Huntington’s disease (HD) is one of the serious neurodegenerative diseases and no disease modifiers are available to date. The correction of unbalanced kynurenine pathway metabolites may be useful to treat disease progression and kynurenine monooxygenase (KMO) is considered an ideal drug target. A couple of KMO inhibitors have been reported, but their brain permeability was very poor. We found pyridazinylsulfonamide as a novel lead compound, and it was optimized to the brain-permeable and highly potent KMO inhibitor 12, which was equipotent with CHDI-340246 and superior to CHDI-340246 in terms of brain penetration. Compound 12 was effective in R6/2 mice (HD model mice), i.e. neuroprotective kynurenic acid was increased, whereas neurotoxic 3-hydroxykynurenine was suppressed.
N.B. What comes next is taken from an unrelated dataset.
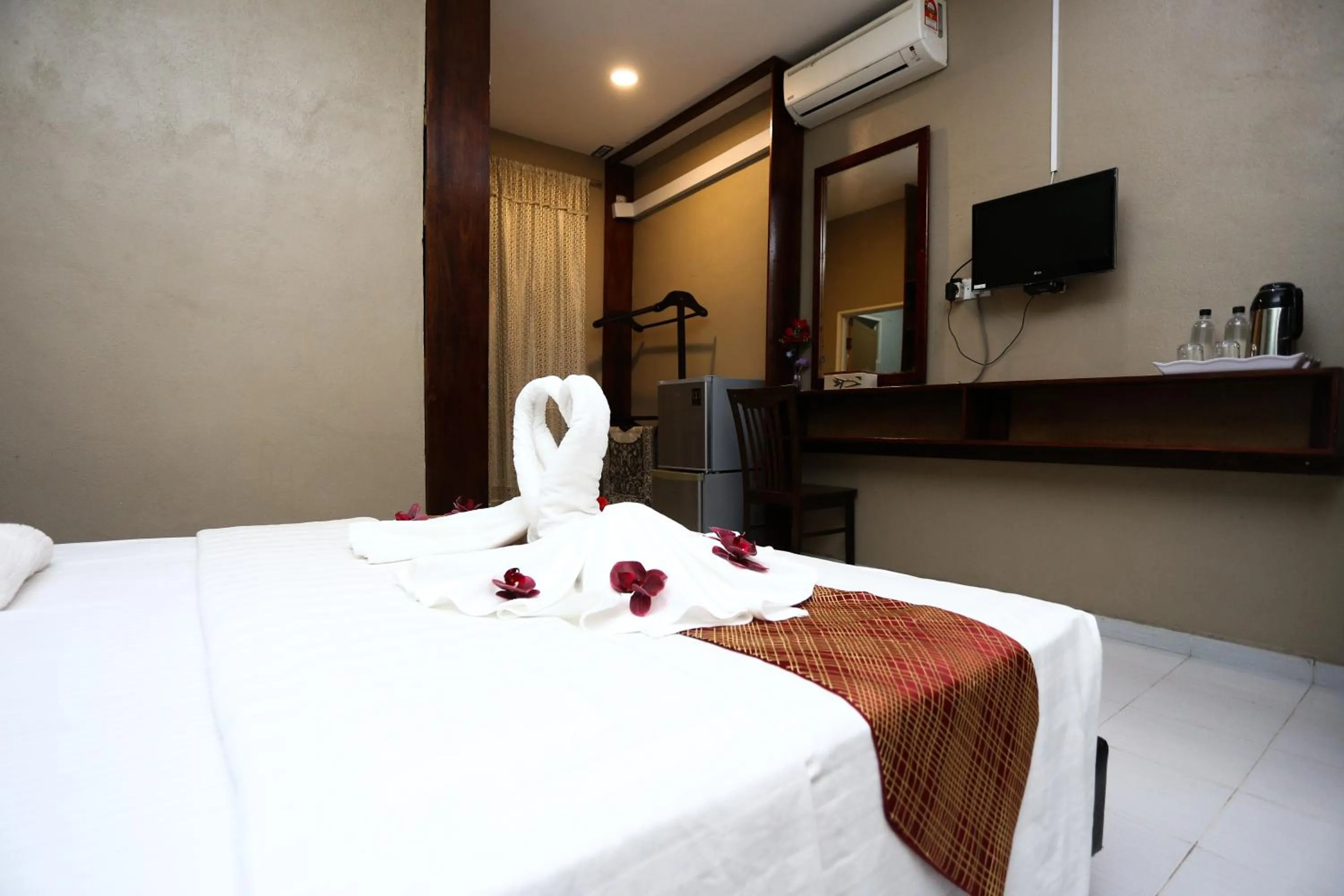 Bed in Pondok Muara Chalet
In addition, impaired cognitive function was improved. Therefore, the brain-permeable KMO inhibitor was considered to be a disease modifier for HD treatment.
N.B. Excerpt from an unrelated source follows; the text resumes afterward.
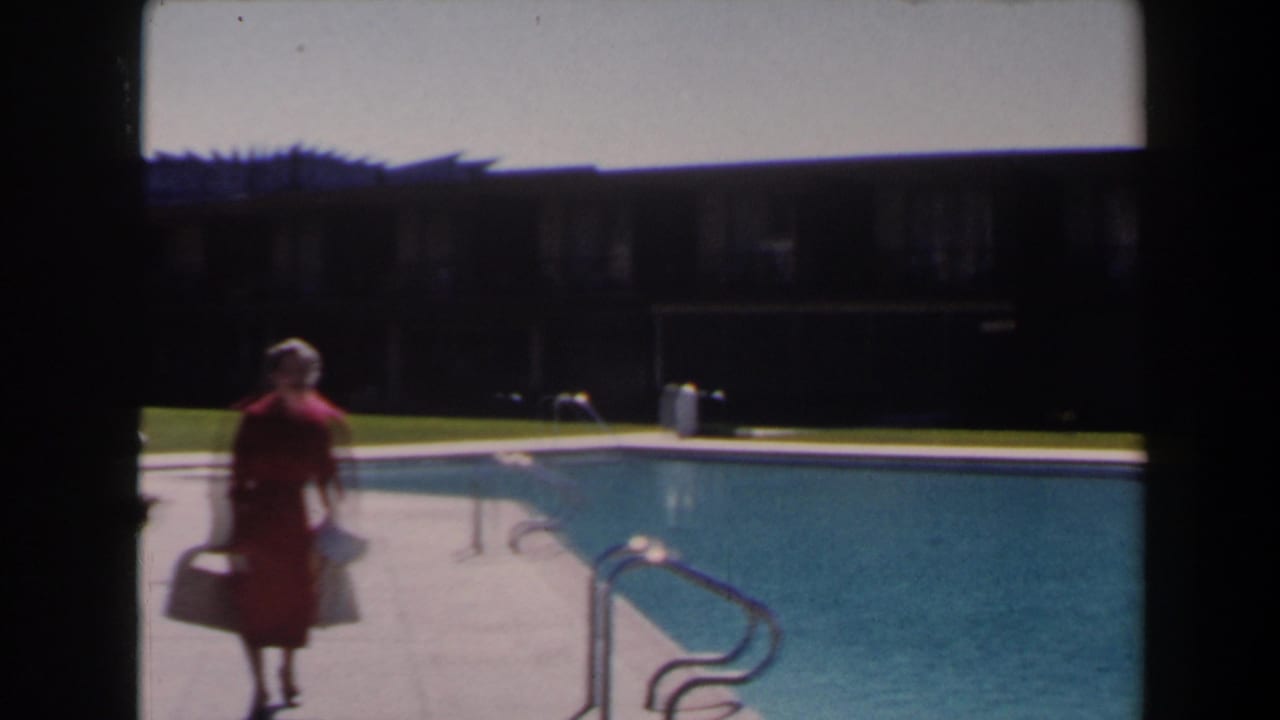The woman in red nears the camera on a bright poolside path in 1958 Las Vegas home-movie footage.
亨廷顿病（HD）是一种严重的神经退行性疾病，迄今为止还没有可用的疾病调节剂。纠正不平衡的犬尿氨酸途径代谢物可能有助于治疗疾病进展，犬尿氨酸单加氧酶（KMO）被认为是理想的药物靶点。已经报道了几种 KMO 抑制剂，但它们的脑通透性非常差。我们发现哒嗪基磺酰胺作为一种新型先导化合物，并将其优化为具有脑渗透性的高效 KMO 抑制剂12 ，其与 CHDI-340246 等效，并且在脑渗透性方面优于 CHDI-340246。化合物12对R6/2小鼠(HD模型小鼠)有效，即。具有神经保护作用的犬尿氨酸增加，而具有神经毒性的 3-羟基犬尿氨酸则受到抑制。此外，受损的认知功能也得到改善。因此，脑渗透性KMO抑制剂被认为是HD治疗的疾病调节剂。